Hal Mumme, New Mexico State head coach, voted Hawai'i as No. 1. He's a WAC coach and voted for a WAC team. Of course.
Virginia Tech received one No. 2 vote, its highest, from you guessed it, Frank Beamer. Georgia received seven No. 2 votes, one of them being by Mark Richt.
USC landed all of its votes in the top ten, except from one- Howard Schnellenberger.
Biased voting? Uh, it looks that way, doesn't it?
The AP, on the other hand, is comprised of 65 sportswriters/broadcasters who cast their vote for the top 25 teams. These are people who study the games, write about various teams and for many, have absolutely no ties to a particular program that is highly ranked.
They may work for the Boston Herald, or The Buffalo News, and have no local "interest" in the rankings. But there is a more detailed reason why the AP is more unbiased than the coaches poll—it's their job to get it right. It's their profession to report what they honestly see. It's their job to watch all the games or highlights, or use other information to gather facts.
Oh sure, many of you don't like sportswriters, but why is that?
Go ahead, call a sportswriter a hack, but realistically, that name-calling is a result of a fan who can't stand the fact that perhaps his team or coach has been put in a poor spotlight.
Most sportswriters, if they are legit, will back up their opinions with fact to support their case. Disgruntled fans will overlook that, and instead, resort to name-calling, ad hominem arguments and off-topic remarks.
While many aspiring sportswriters would love to be able to write professionally so they can "get paid to watch a game," the reality is quite different from their fun perception of sportswriting.
It's all about fact-checking, getting the quotes right and getting the right stats. It's hard work- it's no fun day at the game.
Life in a press box is not nearly as exciting as you think it is—it's hours typing on a laptop, looking at every player's stats, time of possession, etc... it's not about cheering on your team. If '"your" team is playing, rarely do you think of them as "your" team, but rather, one of two teams on a field. Ask any reporter.
For sportswriters, attention to detail and accurately writing about the game is paramount to their reputations. It is their job, and while they may have slight biases, it is usually kept to a very low minimum.
They rank based on facts. They are objective, not subjective.
Finally, there is the Harris Interactive poll. This is the only poll that does a public opinion poll. Its pollsters include "former players, coaches, administrators, and current and former media members."
This poll is also very well-balanced and has a good mix of sports personalities that take this job seriously. The Harris Interactive Poll was used to replace the AP several years ago in the BCS rankings.
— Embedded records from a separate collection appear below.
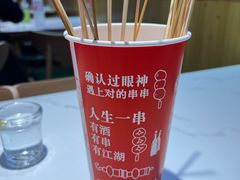 -状元虎.摇滚炒鸡.家常菜(义勇街店)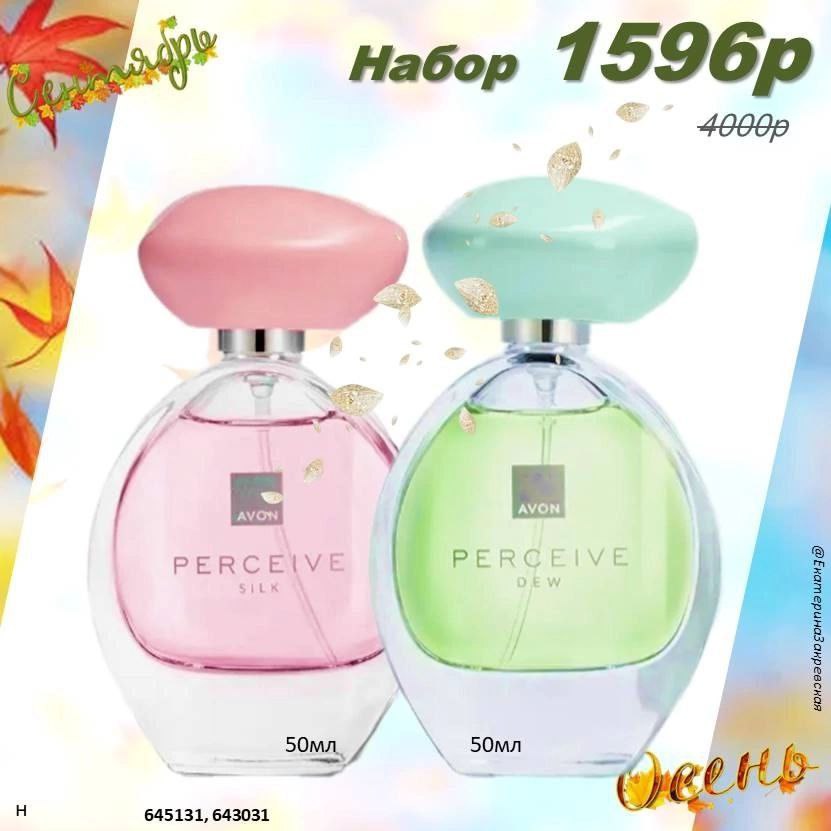 /pics/1_gotovie_nabori_avon_so_skidkoy_katalog-sentaybr_2025_.jpg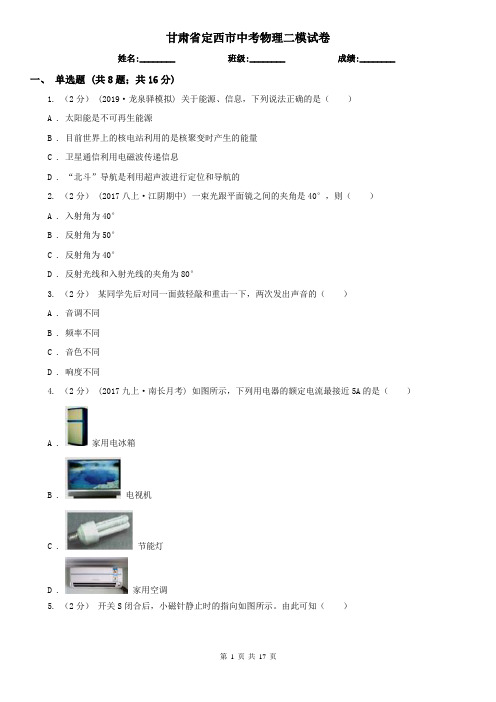 甘肃省定西市中考物理二模试卷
That's right, the AP is not used in the BCS rankings. Part of the reason why the AP removed itself from the polls was because its votes were made public in 2004, while the Coaches Poll was not.
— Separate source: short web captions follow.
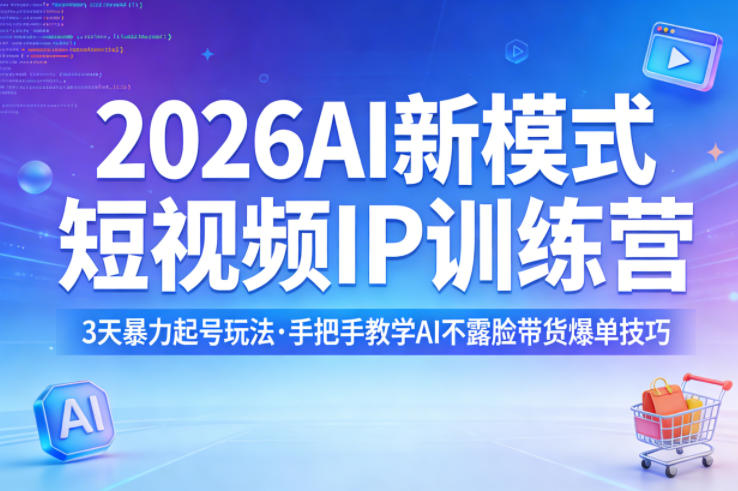 2026AI新模式短视频IP训练营，3天暴力起号玩法，手把手教学AI不露脸带货爆单技巧汇创网-网创项目_汇创网_中创网_福缘网_冒泡网_网创项目平台汇创网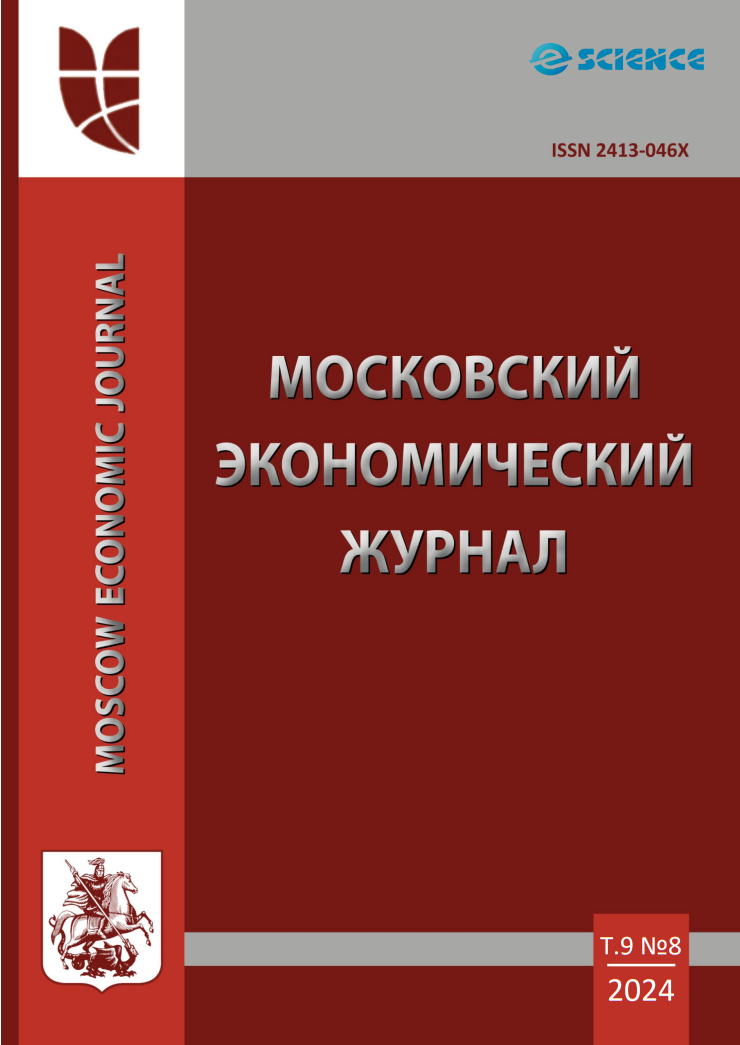             Московский экономический журнал
    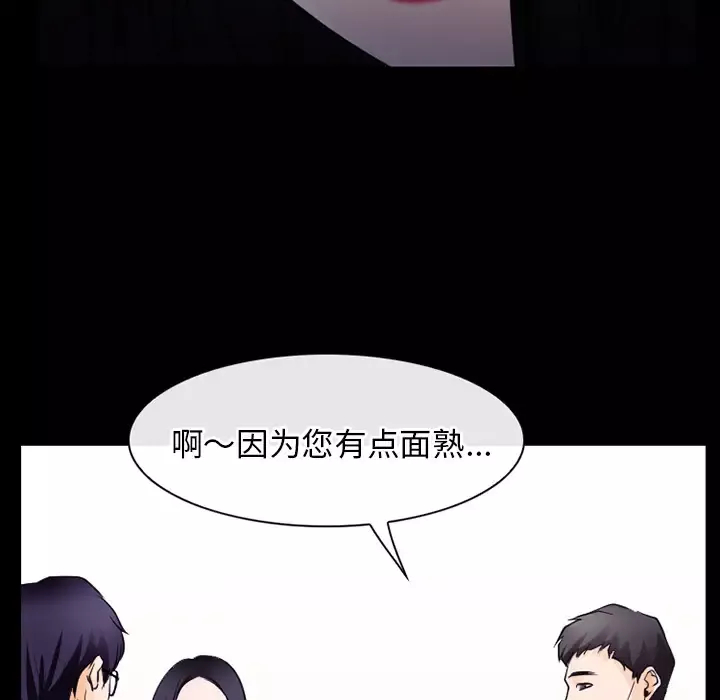 雷普利爱情第50章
While that doesn't seem like a big deal, it was—Cal was ranked No. 4 by both the AP and coaches, but Texas coach Mack Brown made a last minute lobbying effort for his team which changed some coaches' votes. While the AP votes were made public, the coaches' weren't, and the public directed their anger at the AP when the BCS rankings had Texas jumping Cal.
The AP poll, for all of its criticisms, is the oldest of all the polls, having its roots begin in 1934 by an SEC Assistant Director of Media Relations, Charles Woodroof.
The AP has withstood WWII, The Korean War, The Vietnam War, The Cold War, The Cuban Missile Crisis, Gulf War I, Gulf War II and will probably remain a constant as long as sportswriters are willing to watch the beautiful game of college football, and try to accurately rank the top 25 teams.
Without bias, posturing, nor positioning.
It is a poll that is conducted by writers who have worked hard to perfect their craft, and have to remain objective as possible. If they aren't, they could lose their job.
The AP. Respect it. It deserves nothing less.
It is the truest poll college football has.